サイトアイコン That's Movie Talk!

空中レヴュー時代 Flying Down to Rio (1933)

ブラジル人の富豪令嬢と婚約者そしてバンドリーダーの三角関係と恋の行方を描く、製作総指揮メリアン・C・クーパー、監督ソーントン・フリーランド、主演ドロレス・デル・リオジーン・レイモンドラウル・ルーリエンジンジャー・ロジャースフレッド・アステア他共演のミュージカル。

アカデミー賞 ■ ストーリー ■ 解説


ミュージカル


スタッフ キャスト
監督:ソーントン・フリーランド
製作総指揮:メリアン・C・クーパー
原作:ルー・ブロック
原案:アン・コールドウェル
脚本
シリル・ヒューム
H・W・ハネマン
アーウィン・S・ゲルシー
撮影:J・ロイ・ハント
編集:ジャック・キッチン
音楽
ヴィンセント・ユーマンス
マックス・スタイナー
作詞
エドワード・エリシュー
ガス・カーン

出演
ベリーニャ・デ・レゼンデ:ドロレス・デル・リオ
ロジャー・ボンド:ジーン・レイモンド
フリオ・リベイロ:ラウル・ルーリエン
ハニー・ヘイルズ:ジンジャー・ロジャース
フレッド・エアーズ:フレッド・アステア
ドナ・エレナ・デ・レゼンデ:ブランシュ・フリデリチ
カルロス・デ・レゼンデ:ウォルター・ウォーカー
歌手:エタ・モートン
ギリシャのギャンブル組織のメンバー:ロイ・ダルシー
ギリシャのギャンブル組織のメンバー:モーリス・ブラック
ギリシャのギャンブル組織のメンバー:アルマンド・カリス
市長:ポール・ポルカシ
アルフレド・ヴィアナ(銀行家):レジナルド・バーロウ
ホテル副支配人バターバス:エリック・ブロア
ホテル支配人ハマースタイン:フランクリン・パングボーン

アメリカ 映画
配給 RKO
1933年製作 89分
公開
北米:1933年12月29日
日本:1934年5月24日
製作費 $462,000
北米興行収入 $923,000
世界 $1,545,000


アカデミー賞
第7回アカデミー賞

・ノミネート
歌曲賞”Carioca


*詳細な内容、結末が記載されています。
ストーリー
マイアミ
スイスから派遣されたホテルの支配人ハマースタイン(フランクリン・パングボーン)は、副支配人のバターバス(エリック・ブロア)と共にスタッフの服装チェックなどをする。

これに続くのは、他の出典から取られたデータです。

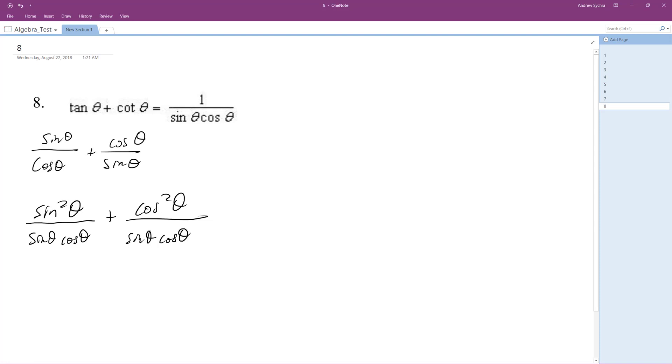So what this becomes on top is sine squared theta plus cosine squared theta. Careful on the bottom, it's not two. It's just a common denominator, so you just put them together.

ハマースタインは、バンドリーダーである作曲家ロジャー・ボンド(ジーン・レイモンド)やボーカルのハニー・ヘイルズ(ジンジャー・ロジャース)らに、客と親しくなることを禁ずる。

ロジャーとアシスタントでアコーディオン奏者のフレッド・エアーズ(フレッド・アステア)は、ピアノを積んだ飛行機で到着してホテルに向かう。

ラジオ放送が始まる直前に間に合ったロジャーとフレッドは、バンドと共に演奏を始めてハニーが歌う。

ハマースタインから警告されたことをフレッドから知らされたロジャーだったが、客席にいたブラジル人の美女ベリーニャ・デ・レゼンデ(ドロレス・デル・リオ)に惹かれてしまう。
...全てを見る(結末あり)

頭痛がするベリーニャの伯母ドナ・エレナ(ブランシュ・フリデリチ)は、休むために部屋に向かう。

ベリーニャもロジャーが気になり、同席していた友人たちから、彼の父は株で儲けた富豪で、飛行機と音楽を諦めれば、後継者になれるらしいという話を聞く。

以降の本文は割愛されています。